Der Ascona machte alles richtig: Vom braven Bürgermeister mit knausrigen 44 kW/60 PS aus 1,2-Liter – die allerdings während der Ölkrise von 1973/74 den Absatz vorm Absturz bewahrten – bis zum athletischen Familiensportler mit dem gleichen 1,9-Liter-Aggregat mit 66 kW/90 PS wie der Opel GT bewies der Ascona eine Bandbreite, die den meisten Mittelfeld-Spielern fehlte. Ob neue Typen wie Renault 12, Peugeot 304 und Austin Maxi oder bewährte Player wie der VW 1600, ein Programm für fast alle Ansprüche wie es Ascona – und Ford Taunus – einführten, überraschte und überzeugte die Käufer. Er sei halt ein „Torschützenkönig“ für jede Spielsituation, jubelte die Opel-Werbung. Sogar als Vorboten späterer Lifestyle-Kombis gab es den Ascona Voyage: Ausschließlich zweitürig mit großer Heckklappe und zeitgeistigen Luxusattributen wie Holzdekorfolie auf den Karosserieflanken und Vinyldach, aber ohne Anspruch auf den Titel eines Lademeisters.
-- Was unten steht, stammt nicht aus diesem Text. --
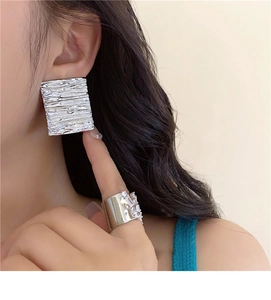 Detail of square silver textured earrings and wide zircon ring on a female model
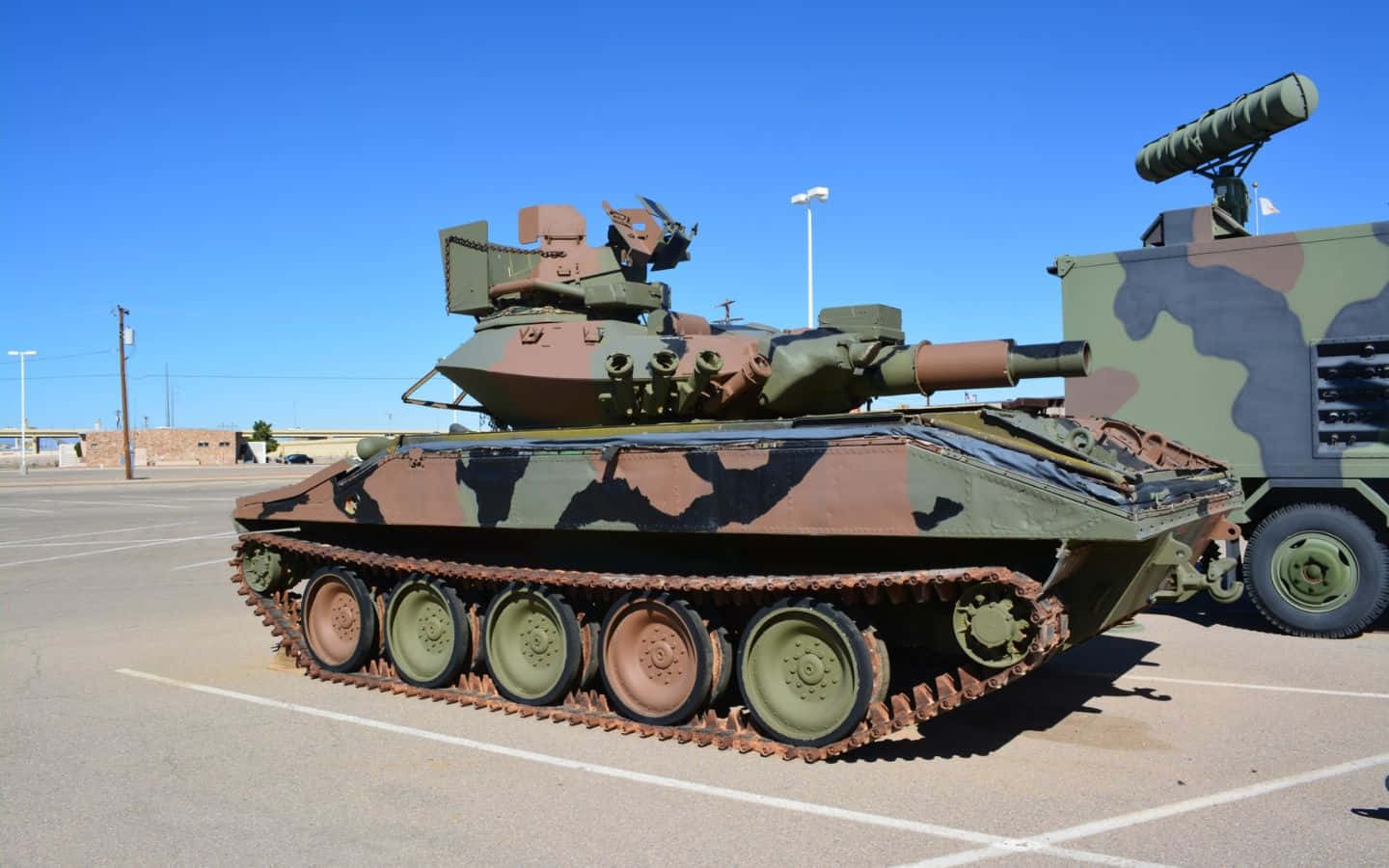 camouflaged military tank, rusted tracks, sunlit asphalt lot, HD Desktop Wallpaper
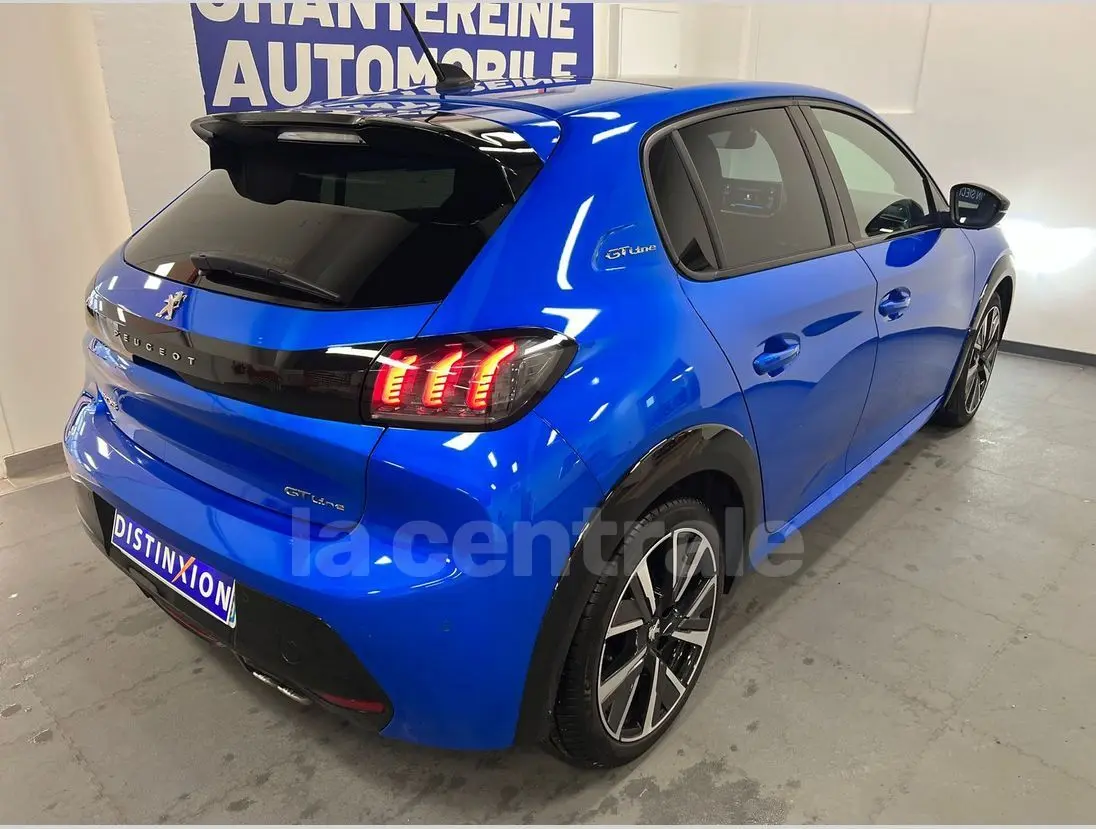 Vue 3/4 arrière droite d'une Peugeot 208 GT Line bleue de 2020 avec feux arrière allumés et jantes alliage noires.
In Nordamerika, wo der Ascona bei Buick-Händlern im Showroom stand, kam dieser Lifestyle-Laster gut an. Hierzulande aber wagte der Opel Voyage noch zu viel Avantgarde, ähnlich wie der BMW 02 Touring verschwand er beim ersten Modellwechsel in der Asservatenkammer. Anders die wilden Rallye-Versionen des Ascona, denn sie luden den Biedermann mit Brandstifterimage auf und das auch noch nach dem 1975 erfolgten Generationenwechsel. Viele große Namen der Motorsportszene ernteten mit dem robusten Ascona Lorbeeren, vor allem aber war es Walter Röhrl, der auf Ascona Rallye-Siege in Serie sammelte. Hinzu kam das Europachampionat und 1982 auf dem konventionell angetriebenen Ascona (B) 400 die Krone des Rallye-Fahrerweltmeisters. Immerhin überließ Röhrl dem allgemein favorisierten Allradstar Audi quattro den Markentitel.

Opel hatte in den 1970ern das richtige Gespür für Kundenwünsche und traf auch mit dem Ascona B den Zeitgeist. Während der VW Passat längst auf Frontantrieb und Fließheck mit großer Klappe sowie Kombi setzte, avancierte der Ascona noch einmal mit konservativem Stufenheck und Hinterradantrieb zu einem europäischen Mittelklasse-Champion und zum auf vier Kontinenten gebauten Weltauto. Am besten machte es aber der 1981 aufgelegte dritte und letzte Ascona, der nun doch mit Vorderradantrieb und auch als Fünftürer verfügbar war und damit die Stückzahlen seines sportlichen Ur-Ahnen mehr als verdoppelte. Eine schöne Vorlage für den folgenden Opel Vectra.